Uma das sanções decretadas por ordem do
governo desse «berço da democracia» que são os EUA, tem a ver
com as drásticas limitações à exportação de petróleo pelo
Iraque. Antes do embargo o Iraque exportava cerca de quatro mil
milhões de dólares de petróleo; agora apenas lhe é permitido
exportar 150 milhões. Sendo esta a principal fonte de riqueza do
país, é fácil deduzir o significado desta sanção no que
respeita à importação de bens essenciais, nomeadamente
produtos alimentares e farmacêuticos. Assim, numa população
que ronda os 18 milhões, mais de quatro milhões de pessoas, das
quais cerca de 2 milhões e meio são crianças com menos de
cinco anos, padecem de graves problemas de saúde. Procurando
tornear esta limitação, o governo iraquiano recorreu, a dada
altura, aos fundos depositados em bancos estrangeiros para
aquisição de géneros de ordem estritamente humanitária (no
sentido real da palavra e não no sentido hipócrita que lhe é
atribuído pelo governo dos EUA). Durante algum tempo,
exceptuando a França e os EUA, todos os países ocidentais
aceitaram libertar esses fundos propriedade do governo
iraquiano, note-se... Mas foi sol de pouca dura: por ordem de
Clinton, via ONU, essas contas bancárias foram todas bloqueadas.
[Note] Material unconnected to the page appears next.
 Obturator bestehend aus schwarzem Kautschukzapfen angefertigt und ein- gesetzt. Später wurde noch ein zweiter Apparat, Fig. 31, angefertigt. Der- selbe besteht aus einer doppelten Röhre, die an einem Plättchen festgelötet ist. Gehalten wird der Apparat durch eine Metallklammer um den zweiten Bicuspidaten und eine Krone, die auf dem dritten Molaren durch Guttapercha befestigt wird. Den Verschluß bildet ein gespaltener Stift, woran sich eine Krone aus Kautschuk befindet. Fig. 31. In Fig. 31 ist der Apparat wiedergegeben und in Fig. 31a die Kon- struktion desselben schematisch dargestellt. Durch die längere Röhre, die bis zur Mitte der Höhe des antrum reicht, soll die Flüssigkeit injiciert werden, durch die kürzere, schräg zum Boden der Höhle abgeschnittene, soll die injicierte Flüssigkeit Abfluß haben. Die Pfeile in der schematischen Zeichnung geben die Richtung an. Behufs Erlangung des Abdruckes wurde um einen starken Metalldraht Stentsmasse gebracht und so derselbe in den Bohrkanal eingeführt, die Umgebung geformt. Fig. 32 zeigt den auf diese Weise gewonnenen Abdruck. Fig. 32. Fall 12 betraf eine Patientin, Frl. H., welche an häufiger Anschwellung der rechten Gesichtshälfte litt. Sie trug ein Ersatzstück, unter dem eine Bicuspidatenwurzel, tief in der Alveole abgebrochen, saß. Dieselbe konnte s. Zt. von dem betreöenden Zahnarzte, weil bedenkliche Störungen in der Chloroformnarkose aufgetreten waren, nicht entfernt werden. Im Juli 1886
Quanto à importação de produtos farmacêuticos, ela é
severamente condicionada. Nenhum medicamento contendo nitrato
pode entrar no Iraque. Porque, dizem os EUA, o nitrato pode
servir para fabricar «armas de destruição massiva». O facto
de o nitrato ser um componente de produtos anestésicos e de, por
efeito dessa proibição, milhares de operações cirúrgicas
estarem a ser feitas sem anestesia é, para o governo de Clinton,
uma questão secundária...
Para além disso, os bombardeamentos
prosseguem com criminosa regularidade e, acrescente-se, na
maior parte dos casos no meio de um total silêncio por parte da
comunicação social dominante. Centenas de milhares de pessoas
foram mortas desde 1991 por efeito da tal «guerra cirúrgica»,
assim chamada por só atingir «alvos militares». Desde os
milhares de soldados iraquianos enterrados vivos pelo exército
dos EUA, até aos mísseis que, «não funcionando como se
esperava» (segundo a hipócrita formulação do General Anthony
Zinni, comandante das forças norte americanas no Golfo), atingem
bairros residenciais, passando pela utilização das célebres
bombas produzidas à base de urânio com consequências
dramáticas no curto, médio e longo prazo - o morticínio levado
à prática pelo imperialismo norte-americano no Iraque constitui
uma demonstração exemplar do conceito de direitos humanos made
in USA. No entanto, no Natal iremos ouvir o Presidente
Clinton falar desses direitos humanos, das ajudas humanitárias,
da democracia, da liberdade, do mandato divino de que o seu
governo é portador para assegurar a paz e a felicidade no Mundo
enfim de todas as balelas com as quais, habitualmente,
procura disfarçar a natureza criminosa do sistema que hoje
domina o Mundo, desta nova ordem mundial imperialista de cariz
totalitário e fascizante dominada, precisamente, pelo
imperialismo norte-americano.
Entretanto, no Iraque, o genocídio continua.